Every line of the data below that holds the string "Lane" needs to be reported.

GIVEN RECORDS section start

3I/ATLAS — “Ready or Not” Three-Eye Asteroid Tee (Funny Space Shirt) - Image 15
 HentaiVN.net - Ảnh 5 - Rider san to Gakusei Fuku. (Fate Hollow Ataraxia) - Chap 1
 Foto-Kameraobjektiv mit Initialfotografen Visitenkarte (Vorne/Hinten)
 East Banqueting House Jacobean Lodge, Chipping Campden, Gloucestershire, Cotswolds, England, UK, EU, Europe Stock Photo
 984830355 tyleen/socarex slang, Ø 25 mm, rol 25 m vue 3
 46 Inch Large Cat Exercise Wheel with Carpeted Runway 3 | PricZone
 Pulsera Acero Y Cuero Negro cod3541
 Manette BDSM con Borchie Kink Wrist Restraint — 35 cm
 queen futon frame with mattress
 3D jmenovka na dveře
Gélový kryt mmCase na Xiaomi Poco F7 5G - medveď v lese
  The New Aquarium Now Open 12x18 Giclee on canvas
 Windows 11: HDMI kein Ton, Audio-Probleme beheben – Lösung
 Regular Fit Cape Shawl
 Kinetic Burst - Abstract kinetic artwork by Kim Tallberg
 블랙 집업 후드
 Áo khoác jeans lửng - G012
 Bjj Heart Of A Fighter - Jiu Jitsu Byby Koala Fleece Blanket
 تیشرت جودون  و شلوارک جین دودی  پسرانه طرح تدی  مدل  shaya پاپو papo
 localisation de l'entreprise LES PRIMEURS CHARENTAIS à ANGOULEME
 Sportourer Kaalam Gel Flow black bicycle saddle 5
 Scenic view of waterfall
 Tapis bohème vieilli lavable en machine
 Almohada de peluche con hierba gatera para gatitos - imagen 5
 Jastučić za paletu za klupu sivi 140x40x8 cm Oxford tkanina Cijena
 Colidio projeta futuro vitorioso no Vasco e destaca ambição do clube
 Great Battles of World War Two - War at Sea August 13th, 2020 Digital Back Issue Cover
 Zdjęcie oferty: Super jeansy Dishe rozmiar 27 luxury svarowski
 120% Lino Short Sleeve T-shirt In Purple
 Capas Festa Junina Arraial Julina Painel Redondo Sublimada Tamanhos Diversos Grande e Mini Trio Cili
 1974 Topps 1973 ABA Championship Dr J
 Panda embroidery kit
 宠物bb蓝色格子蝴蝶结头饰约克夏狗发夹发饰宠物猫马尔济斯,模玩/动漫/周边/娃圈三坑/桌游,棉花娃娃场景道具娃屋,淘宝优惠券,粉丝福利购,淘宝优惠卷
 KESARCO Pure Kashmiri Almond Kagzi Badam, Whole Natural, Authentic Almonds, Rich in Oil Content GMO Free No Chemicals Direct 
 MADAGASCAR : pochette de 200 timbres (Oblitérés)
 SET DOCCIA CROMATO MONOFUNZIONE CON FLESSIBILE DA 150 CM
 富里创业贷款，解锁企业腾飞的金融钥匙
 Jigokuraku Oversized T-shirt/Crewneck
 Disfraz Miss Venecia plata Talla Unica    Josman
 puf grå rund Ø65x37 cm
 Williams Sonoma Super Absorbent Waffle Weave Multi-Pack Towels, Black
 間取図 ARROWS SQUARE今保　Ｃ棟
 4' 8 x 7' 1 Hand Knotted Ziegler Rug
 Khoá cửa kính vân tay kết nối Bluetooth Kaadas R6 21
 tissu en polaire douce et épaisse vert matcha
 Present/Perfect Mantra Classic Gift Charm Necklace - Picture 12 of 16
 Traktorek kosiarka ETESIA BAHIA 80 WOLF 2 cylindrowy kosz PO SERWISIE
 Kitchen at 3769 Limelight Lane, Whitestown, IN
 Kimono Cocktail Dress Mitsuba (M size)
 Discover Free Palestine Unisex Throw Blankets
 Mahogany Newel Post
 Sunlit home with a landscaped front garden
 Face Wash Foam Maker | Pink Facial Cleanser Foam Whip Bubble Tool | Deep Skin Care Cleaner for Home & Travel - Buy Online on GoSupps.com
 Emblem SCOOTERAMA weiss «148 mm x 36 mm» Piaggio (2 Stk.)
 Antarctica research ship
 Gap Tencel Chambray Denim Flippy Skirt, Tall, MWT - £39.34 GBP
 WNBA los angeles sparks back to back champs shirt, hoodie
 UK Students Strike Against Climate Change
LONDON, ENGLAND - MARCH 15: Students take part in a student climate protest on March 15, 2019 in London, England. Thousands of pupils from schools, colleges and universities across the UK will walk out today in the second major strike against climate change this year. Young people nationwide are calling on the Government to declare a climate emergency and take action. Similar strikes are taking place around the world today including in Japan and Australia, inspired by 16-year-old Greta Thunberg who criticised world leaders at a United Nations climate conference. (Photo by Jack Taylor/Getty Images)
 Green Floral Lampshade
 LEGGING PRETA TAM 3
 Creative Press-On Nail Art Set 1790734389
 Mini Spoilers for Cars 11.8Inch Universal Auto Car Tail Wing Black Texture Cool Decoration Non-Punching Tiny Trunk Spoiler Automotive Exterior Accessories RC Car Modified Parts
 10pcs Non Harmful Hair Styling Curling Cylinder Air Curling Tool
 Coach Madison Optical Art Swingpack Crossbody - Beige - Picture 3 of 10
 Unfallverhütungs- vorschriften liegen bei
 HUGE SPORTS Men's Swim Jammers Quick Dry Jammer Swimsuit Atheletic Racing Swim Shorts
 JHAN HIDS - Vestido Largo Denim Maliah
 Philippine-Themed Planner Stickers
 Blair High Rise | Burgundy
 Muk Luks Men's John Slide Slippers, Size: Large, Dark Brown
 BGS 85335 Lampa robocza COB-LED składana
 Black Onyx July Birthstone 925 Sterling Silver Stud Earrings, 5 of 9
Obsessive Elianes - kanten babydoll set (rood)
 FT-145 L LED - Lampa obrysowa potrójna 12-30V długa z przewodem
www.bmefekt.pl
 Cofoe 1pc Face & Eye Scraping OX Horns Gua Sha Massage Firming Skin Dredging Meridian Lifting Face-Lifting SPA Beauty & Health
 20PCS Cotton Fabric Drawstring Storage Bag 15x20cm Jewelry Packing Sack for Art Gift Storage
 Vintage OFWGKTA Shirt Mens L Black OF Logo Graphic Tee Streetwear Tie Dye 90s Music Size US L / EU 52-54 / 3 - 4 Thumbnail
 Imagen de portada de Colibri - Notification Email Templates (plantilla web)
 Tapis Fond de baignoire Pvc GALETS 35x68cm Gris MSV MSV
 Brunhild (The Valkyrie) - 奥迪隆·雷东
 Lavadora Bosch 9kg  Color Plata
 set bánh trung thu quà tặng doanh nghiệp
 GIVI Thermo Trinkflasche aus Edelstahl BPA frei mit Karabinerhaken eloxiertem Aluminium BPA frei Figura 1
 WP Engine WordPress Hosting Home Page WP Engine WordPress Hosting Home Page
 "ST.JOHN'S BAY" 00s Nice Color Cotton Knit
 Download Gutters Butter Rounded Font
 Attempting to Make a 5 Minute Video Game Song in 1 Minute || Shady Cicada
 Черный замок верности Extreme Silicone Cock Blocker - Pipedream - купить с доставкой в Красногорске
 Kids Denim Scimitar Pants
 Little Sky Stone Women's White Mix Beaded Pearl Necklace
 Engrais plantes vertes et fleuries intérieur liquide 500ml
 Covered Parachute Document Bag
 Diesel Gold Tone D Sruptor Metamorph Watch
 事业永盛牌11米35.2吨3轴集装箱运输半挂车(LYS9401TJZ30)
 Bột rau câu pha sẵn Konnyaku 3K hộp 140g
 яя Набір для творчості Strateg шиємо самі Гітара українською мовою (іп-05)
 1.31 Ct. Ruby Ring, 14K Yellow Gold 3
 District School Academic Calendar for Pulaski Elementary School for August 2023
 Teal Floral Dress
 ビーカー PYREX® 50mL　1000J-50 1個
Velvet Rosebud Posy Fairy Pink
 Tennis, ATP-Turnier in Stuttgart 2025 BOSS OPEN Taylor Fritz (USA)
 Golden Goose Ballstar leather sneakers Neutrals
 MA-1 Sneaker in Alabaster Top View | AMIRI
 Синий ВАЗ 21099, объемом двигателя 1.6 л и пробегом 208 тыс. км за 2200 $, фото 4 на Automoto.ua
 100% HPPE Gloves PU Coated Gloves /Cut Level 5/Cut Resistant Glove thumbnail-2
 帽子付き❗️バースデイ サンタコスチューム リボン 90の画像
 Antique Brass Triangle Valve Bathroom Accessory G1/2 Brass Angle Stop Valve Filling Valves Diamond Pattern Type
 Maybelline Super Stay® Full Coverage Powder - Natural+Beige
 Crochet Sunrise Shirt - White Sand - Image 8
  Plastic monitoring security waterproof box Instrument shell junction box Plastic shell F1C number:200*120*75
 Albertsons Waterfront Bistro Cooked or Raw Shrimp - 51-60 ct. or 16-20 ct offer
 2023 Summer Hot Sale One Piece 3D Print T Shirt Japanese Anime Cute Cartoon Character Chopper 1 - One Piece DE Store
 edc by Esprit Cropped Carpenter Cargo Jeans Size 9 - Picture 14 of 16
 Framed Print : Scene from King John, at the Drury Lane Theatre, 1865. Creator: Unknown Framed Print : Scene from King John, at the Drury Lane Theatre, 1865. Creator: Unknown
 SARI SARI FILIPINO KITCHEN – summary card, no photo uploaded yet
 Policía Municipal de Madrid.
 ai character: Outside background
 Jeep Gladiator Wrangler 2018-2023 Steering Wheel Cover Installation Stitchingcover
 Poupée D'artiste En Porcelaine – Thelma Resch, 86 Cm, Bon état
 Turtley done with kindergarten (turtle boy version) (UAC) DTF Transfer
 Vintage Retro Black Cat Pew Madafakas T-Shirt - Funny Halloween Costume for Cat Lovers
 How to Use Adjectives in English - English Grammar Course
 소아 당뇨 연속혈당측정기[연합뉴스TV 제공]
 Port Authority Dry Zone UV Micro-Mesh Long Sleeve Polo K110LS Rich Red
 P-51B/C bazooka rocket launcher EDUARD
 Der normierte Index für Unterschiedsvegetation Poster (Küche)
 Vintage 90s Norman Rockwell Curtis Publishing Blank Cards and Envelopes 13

GIVEN RECORDS section end

- _REPLY TO THE EXERCISE_:
 Kitchen at 3769 Limelight Lane, Whitestown, IN
 Framed Print : Scene from King John, at the Drury Lane Theatre, 1865. Creator: Unknown Framed Print : Scene from King John, at the Drury Lane Theatre, 1865. Creator: Unknown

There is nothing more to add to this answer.